Vachris' confidence is supported by the company's membership renewal rates of 92.7% in the U.S. and Canada and 90.2% globally.
Target's latest quarter, by contrast, was more uneven. Revenue declined 2.8% to $23.8 billion, with comparable store sales down 5.7%. However, digital was a bright spot, with online sales up 4.7% thanks to a 36% increase in same-day delivery. Excluding a one-time legal settlement, adjusted earnings per share (EPS) came in at $1.30, down sharply from $2.03 the year prior.
CEO Brian Cornell acknowledged the challenges: "I want to be clear that we're not satisfied with this performance, and we're moving with urgency to navigate through this period of volatility."
Looking ahead, Target management expects adjusted EPS of $7 to $9 for 2025, compared to $8.86 in 2024 -- signaling continued uncertainty in the months ahead.
All told, Costco's consistent top- and bottom-line growth, strong digital momentum, and unmatched member loyalty give it a clear advantage in this category.
Which stock is the better buy?
Both Target and Costco have their strengths.
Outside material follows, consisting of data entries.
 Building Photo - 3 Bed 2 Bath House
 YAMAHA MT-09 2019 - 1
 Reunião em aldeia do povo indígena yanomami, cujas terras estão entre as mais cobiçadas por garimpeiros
If its turnaround efforts succeed, Target offers a higher dividend yield, cheaper valuation, and upside potential. On the other hand, Costco continues to deliver impressive growth, fueled by its membership model and global footprint.
In a more uncertain economic environment, Costco's consistency and proven membership model make it the better buy for most long-term investors, especially considering that Costco has a stronger balance sheet with $9.1 billion in net cash versus Target's net debt of $12.6 billion.